Analysis of murine B-cell epitopes on Eastern equine encephalitis virus glycoprotein E2.

The Eastern equine encephalitis virus (EEEV) E2 protein is one of the main targets of the protective immune response against EEEV. Although some efforts have done to elaborate the structure and immune molecular basis of Alphaviruses E2 protein, the published data of EEEV E2 are limited. Preparation of EEEV E2 protein-specific antibodies and define MAbs-binding epitopes on E2 protein will be conductive to the antibody-based prophylactic and therapeutic and to the study on structure and function of EEEV E2 protein. In this study, 51 EEEV E2 protein-reactive monoclonal antibodies (MAbs) and antisera (polyclonal antibodies, PAbs) were prepared and characterized. By pepscan with MAbs and PAbs using enzyme-linked immunosorbent assay, we defined 18 murine linear B-cell epitopes. Seven peptide epitopes were recognized by both MAbs and PAbs, nine epitopes were only recognized by PAbs, and two epitopes were only recognized by MAbs. Among the epitopes recognized by MAbs, seven epitopes were found only in EEEV and two epitopes were found both in EEEV and Venezuelan equine encephalitis virus (VEEV).
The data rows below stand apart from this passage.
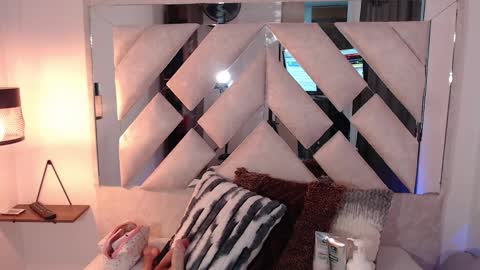    online show from February 6, 7:17 pm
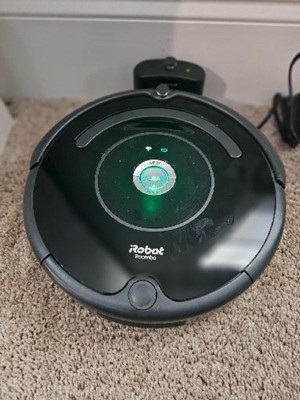 iRobot Roomba 675 Robot Aspirador con conectividad Wi-Fi, compatible con  Alexa, bueno para pelo de mascotas, alfombras, suelos duros, carga  automática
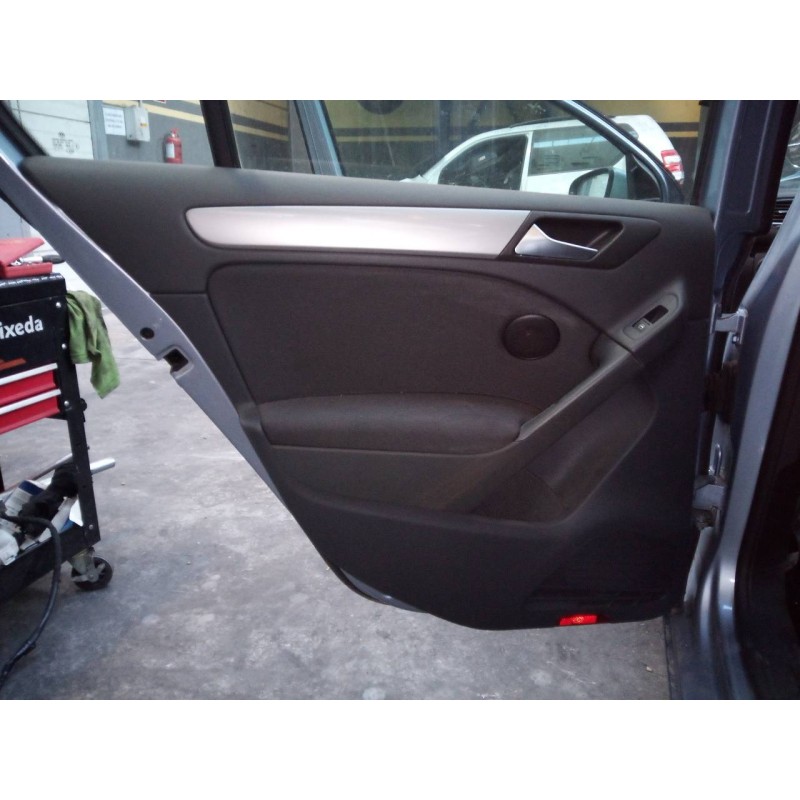 Recambio de guarnecido puerta trasera izquierda para volkswagen golf vi (5k1) advance bluemotion referencia OEM IAM   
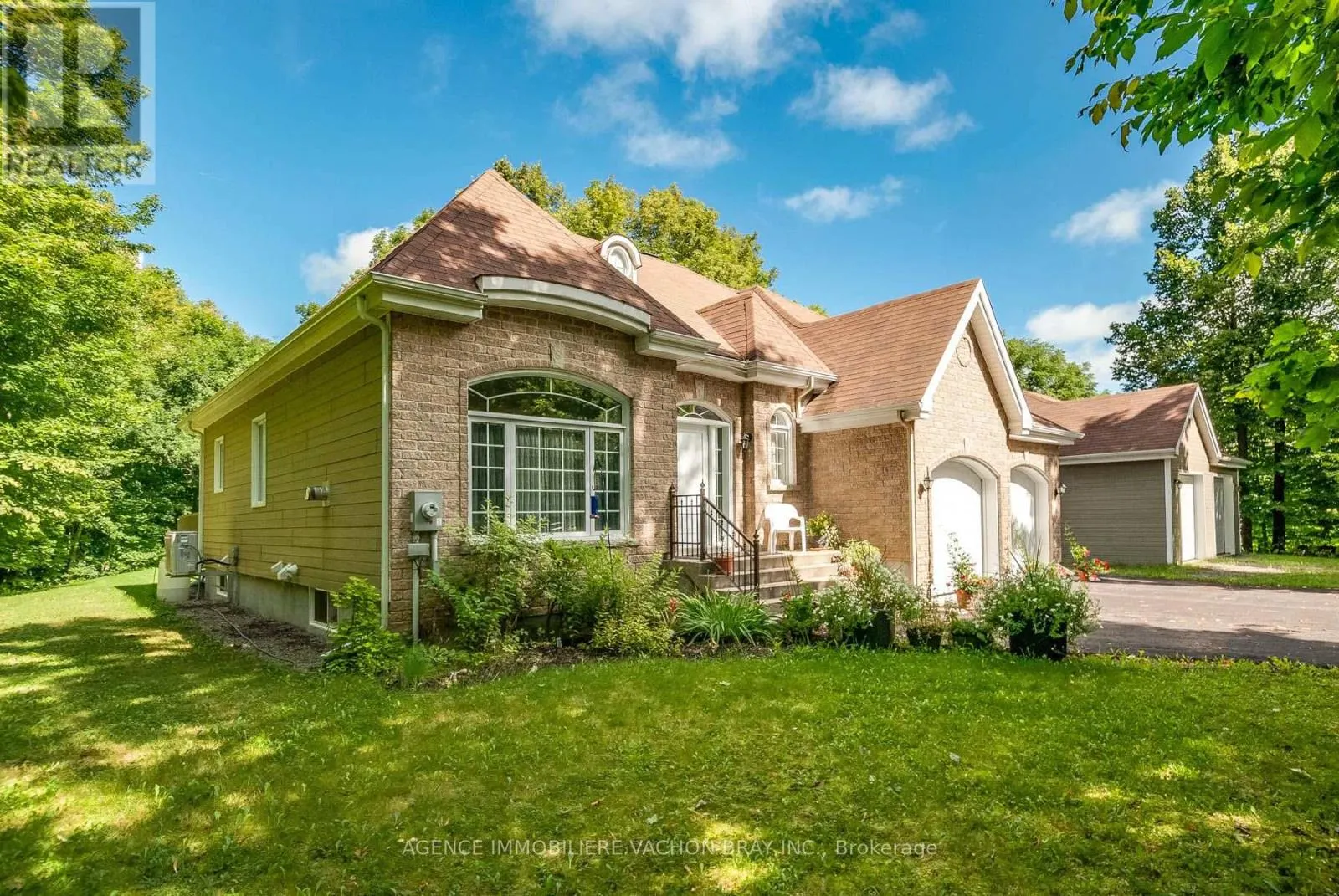 20233 MAPLE ROAD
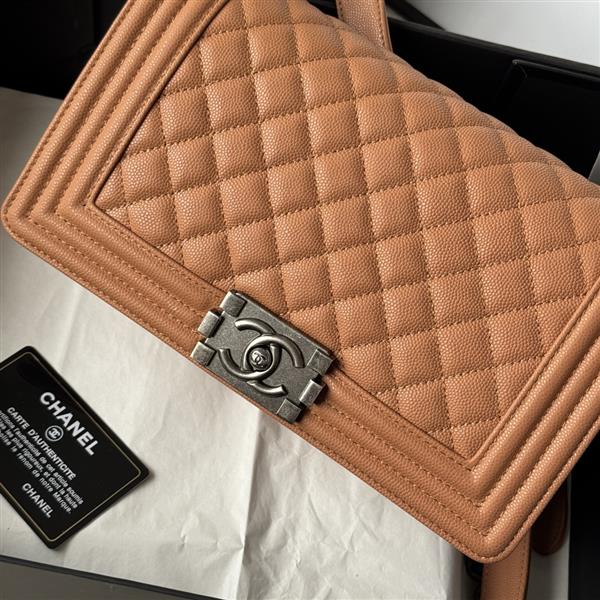 2026127214239428 700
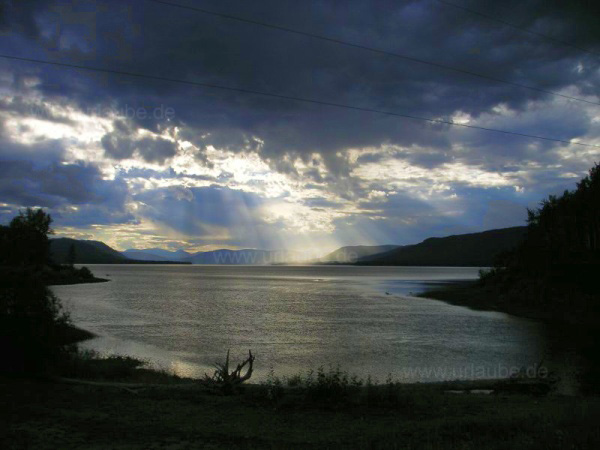 Gro&szlig;e Seen wie der Moberly Lake 300 km n&ouml;rdlich von Prince George sind nahezu &uuml;berall in Britisch Kolumbien zu finden.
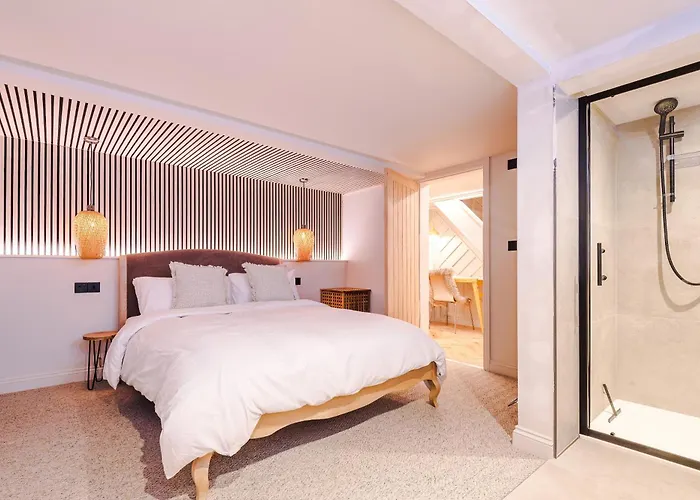 Opulent Oasis Large Luxury Sleeps 10 Feriehus *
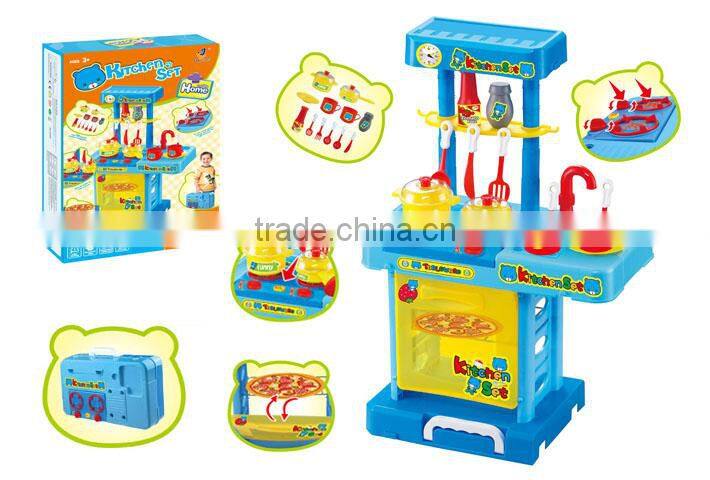 popular cartoon pirate PE latest action figure with 6P EN71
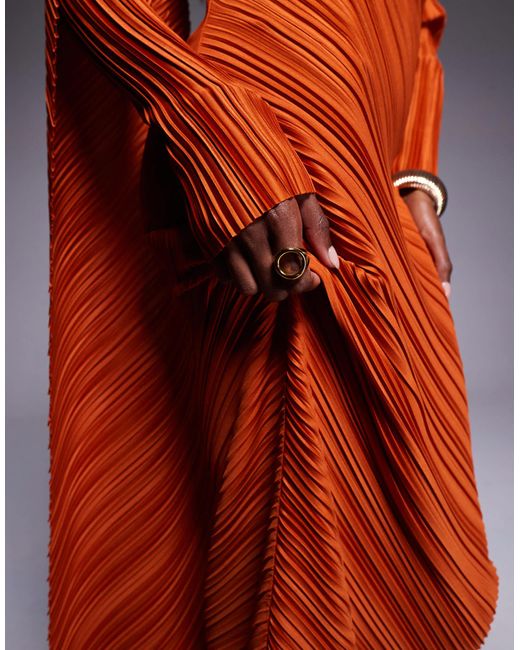 ASOS Orange – plissiertes, langärmliges maxikleid
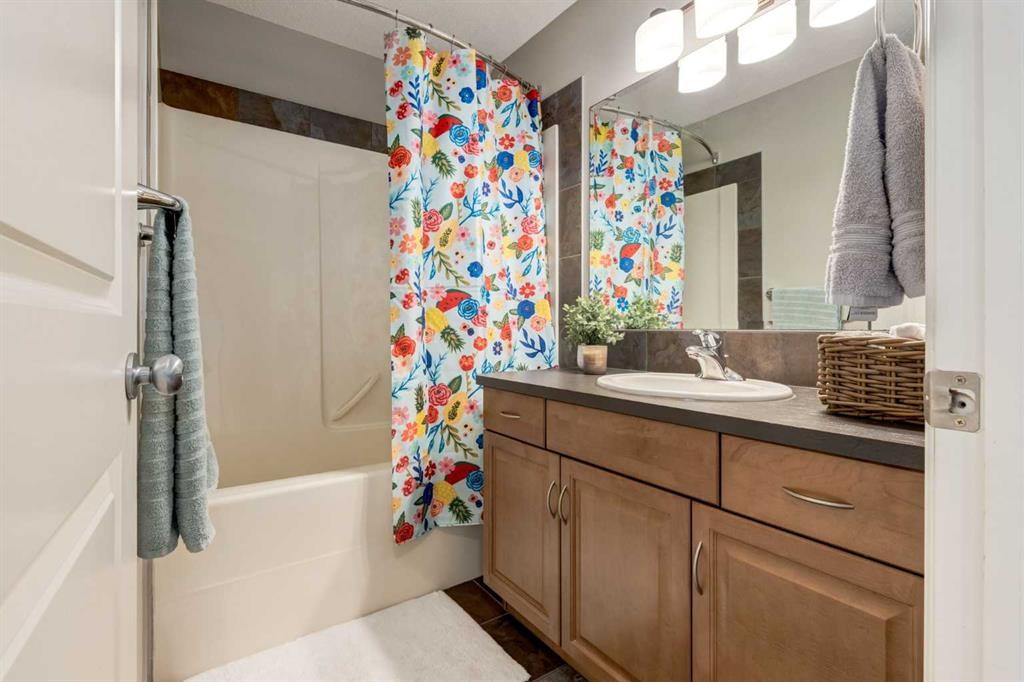 3117 Don Ethell Boulevard Sw, Calgary, AB - Indoor Photo Showing Bathroom
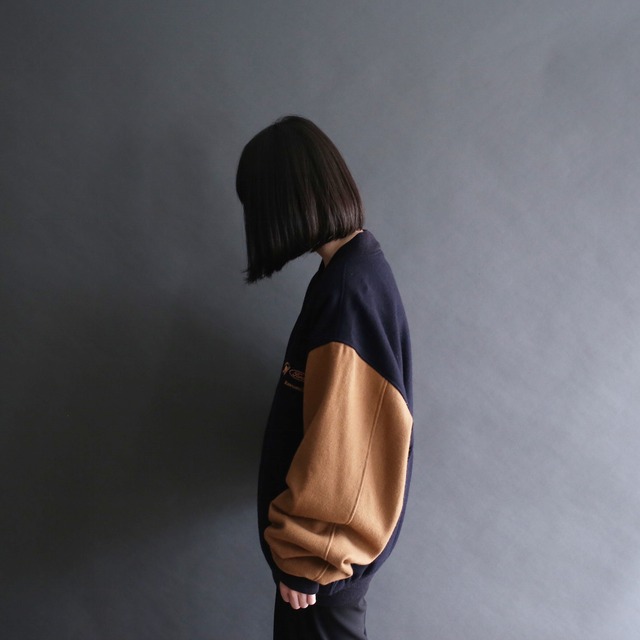 bi-color switching design one point logo big blouson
Four of the EEEV antigenic complex-specific epitopes were commonly held by EEEV subtypes I/II/III/IV (1-16aa, 248-259aa, 271-286aa, 321-336aa probably located in E2 domain A, domain B, domain C, domain C, respectively). The remaining three epitopes were EEEV type-specific epitopes: a subtype I-specific epitope at amino acids 108-119 (domain A), a subtype I/IV-specific epitope at amino acids 211-226 (domain B) and a subtype I/II/III-specific epitope at amino acids 231-246 (domain B). The two common epitopes of EEEV and VEEV were located at amino acids 131-146 and 241-256 (domain B). The generation of EEEV E2-specific MAbs with defined specificities and binding epitopes will inform the development of differential diagnostic approaches and structure study for EEEV and associated alphaviruses.